Field service provider Select Energy Services, Inc. WTTR recently announced that it plans to acquire Houston-based Rockwater Energy Solutions, which is privately owned, in an all-stock deal. Select Energy and Rockwater are two of the biggest water management companies in the drilling and fracking industry. The value of the deal is estimated to be more than $470 million.

About the Deal

The stock-for-stock transaction will require Select Energy to issue 37.95 million shares of common stock against Rockwater's all outstanding shares of common stock. Once the deal materializes, shareholders of Select Energy will possess around 64.4% of the merged company and the present Rockwater shareholders will receive the remaining 35.6%. The deal is expected to be closed in the third quarter, more precisely in Sep 2017.

The combined company will use the name Select Energy for all its water related services, while the Rockwater brand name will continue to exist for its chemicals business unit.

Select Energy went public in Apr 2017. Rockwater shareholders will receive a total of 106.73 million Select Energy common shares. Crestview Partners, SCF Partners, and Mr. John Schmitz will be the largest shareholders of the combined company. The transaction has been approved by the imperative stockholders of both the companies and awaits regulatory approval under the Hart-Scott-Rodino Act.

Deal Synergies

The merged company is expected to generate annual revenues of about $1.2 billion to $1.3 billion, of which 70%, 16% and 14% will be from water solutions, chemical services and other services, respectively. The merged company is expected to have consolidation benefits in the range of $15 - $20 million per annum, which will be realized in 2018.

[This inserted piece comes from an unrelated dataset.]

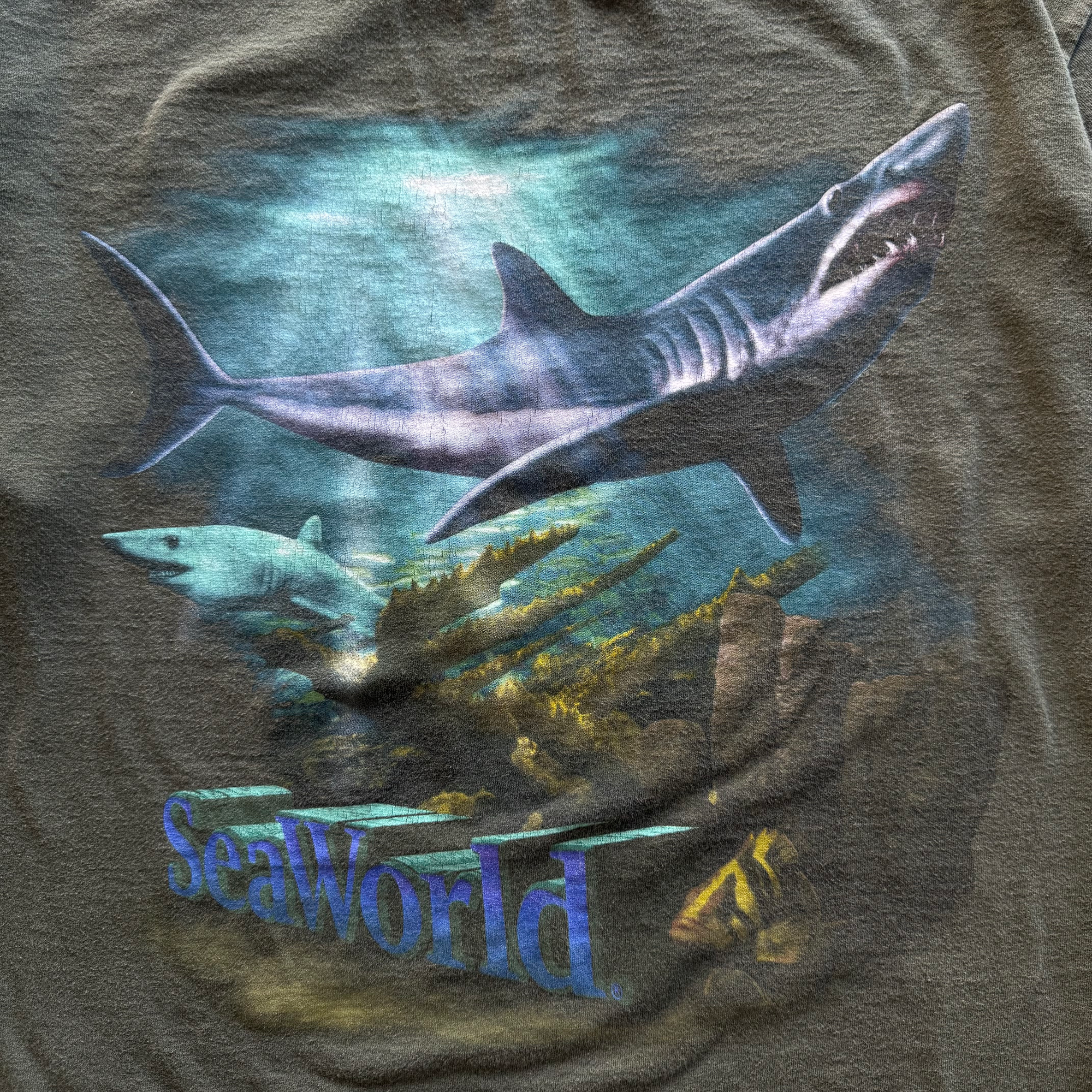 Vintage 1997 Seaworld Great White Shark Tee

During the time of signing the merger agreement, Select Energy received a five-year committed financing of $150 million asset-backed revolving loan facility from its present lenders. The amount is expected to double after the completion of the deal.

A decline in drilling contracts has intensified competition in recent times in the oil field service industry. The acquisition will help the merged company to provide substantial benefits to shareholders in the present market situation. With more than 3,200 field personnel and the combined skill set of both the companies, it can focus on its service and capital.

John Schmitz, the present chairman and CEO of Select Energy, will become the full-time executive chairman of the combined company.  Holli Ladhani, the present chairman, president and CEO of Rockwater, will become the president and CEO of the merged company. The board of the merged company will include representatives from both companies.

About Select Energy

Select Energy is a provider of water solutions to the US unconventional oil and gas industry. It offers drilling and completion activities associated with hydraulic fracturing, complementary water-related services, which support oil and gas well completion and production activities including containment, monitoring, treatment, flowback, hauling and disposal. Select Energy is headquartered in Gainesville, TX.

Price Performance

Select Energy stock declined 3.7% in the last three months, outperforming the 11.8% fall of the industry it belongs to.

Zacks Rank and Stocks to Consider

Select Energy presently has a Zacks Rank #3 (Hold).

Some better-ranked stocks in the oil and energy sector include Par Pacific Holdings, Inc. PARR, Braskem S.A. BAK and Enbridge Energy, L.P. EEP. These companies sport a Zacks Rank #1 (Strong Buy). You can see the complete list of today’s Zacks #1 Rank stocks here.

Par Pacific’s sales for the second quarter of 2017 are expected to increase 45.2% year over year. The partnership delivered an average positive earnings surprise of 171.8% in the last four quarters.

Braskem’s sales for 2017 are expected to increase 11% year over year. The company’s earnings for the second quarter of 2017 are expected to increase 197%.

Enbridge Energy’s sales for the second quarter of 2017 are expected to increase 13.2% year over year. The partnership delivered an average positive earnings surprise of 38.22% in the last four quarters.